_EXERCISE INPUTS_
---

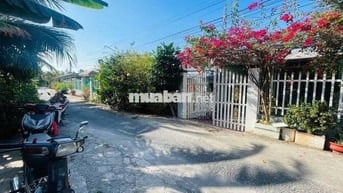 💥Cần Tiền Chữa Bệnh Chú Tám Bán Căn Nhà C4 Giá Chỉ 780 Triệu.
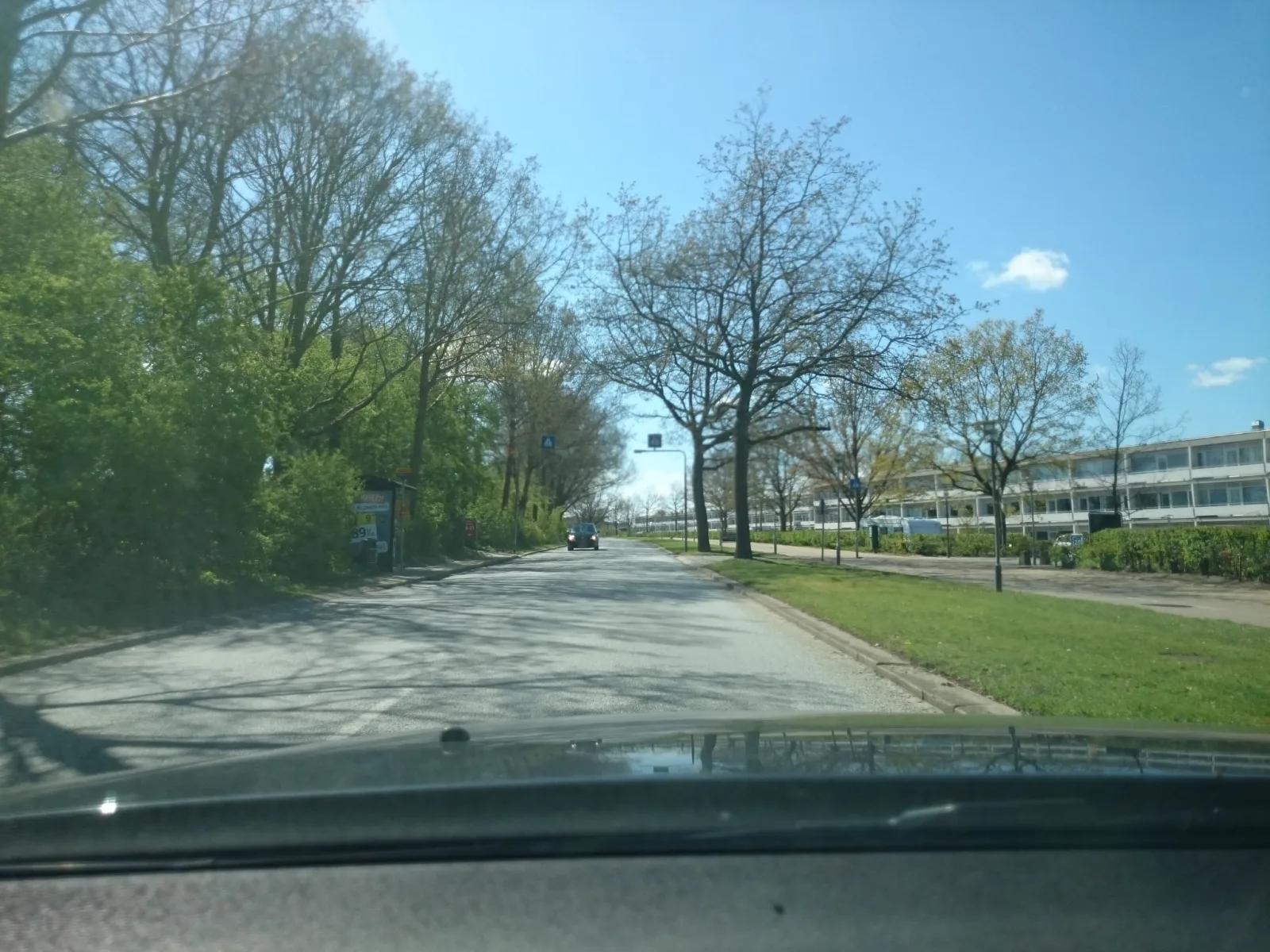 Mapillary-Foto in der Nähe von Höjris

---

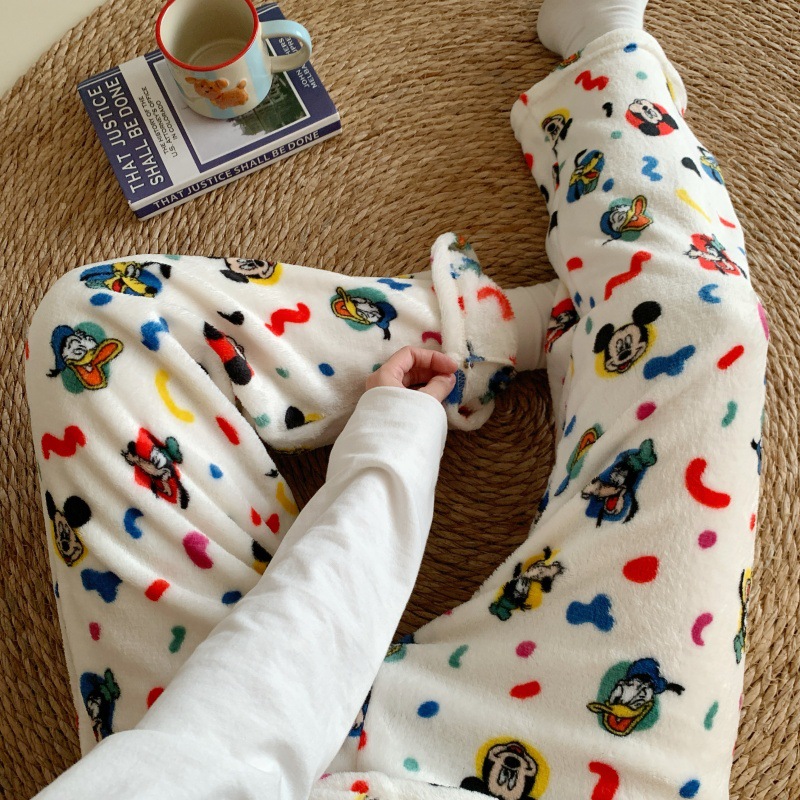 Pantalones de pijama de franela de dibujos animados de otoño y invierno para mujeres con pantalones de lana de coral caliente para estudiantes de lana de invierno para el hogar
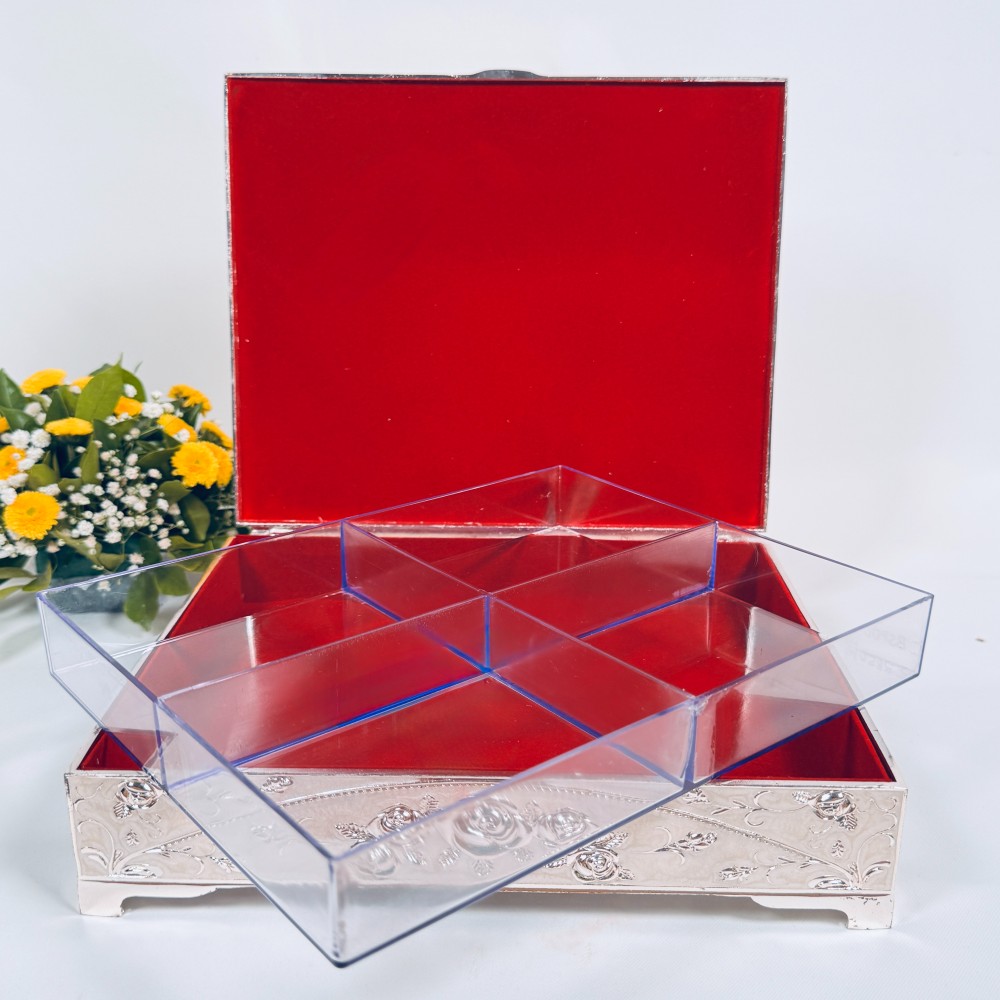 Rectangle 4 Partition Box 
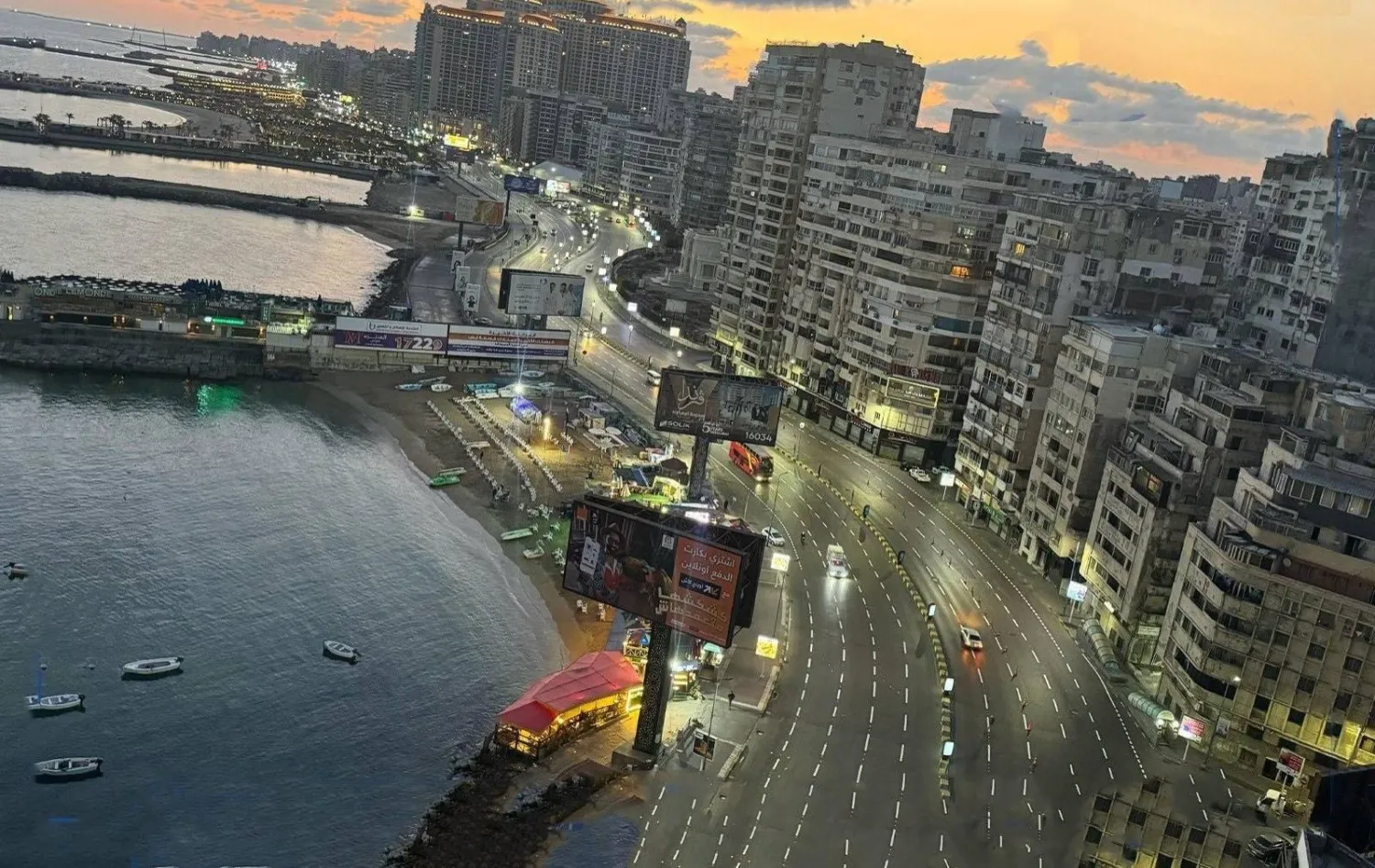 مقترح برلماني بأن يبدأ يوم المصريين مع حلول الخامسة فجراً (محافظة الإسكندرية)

---

_DESCRIPTION OF THE TASK_
Here the job is to copy the listing above word for word, starting at the line with "Chỉ 780 Triệu." and ending at the line with "Mapillary-Foto in der Nähe von Höjris", and to leave out the pictures.

_SOLUTION TO THIS TASK_
 💥Cần Tiền Chữa Bệnh Chú Tám Bán Căn Nhà C4 Giá Chỉ 780 Triệu.
 Mapillary-Foto in der Nähe von Höjris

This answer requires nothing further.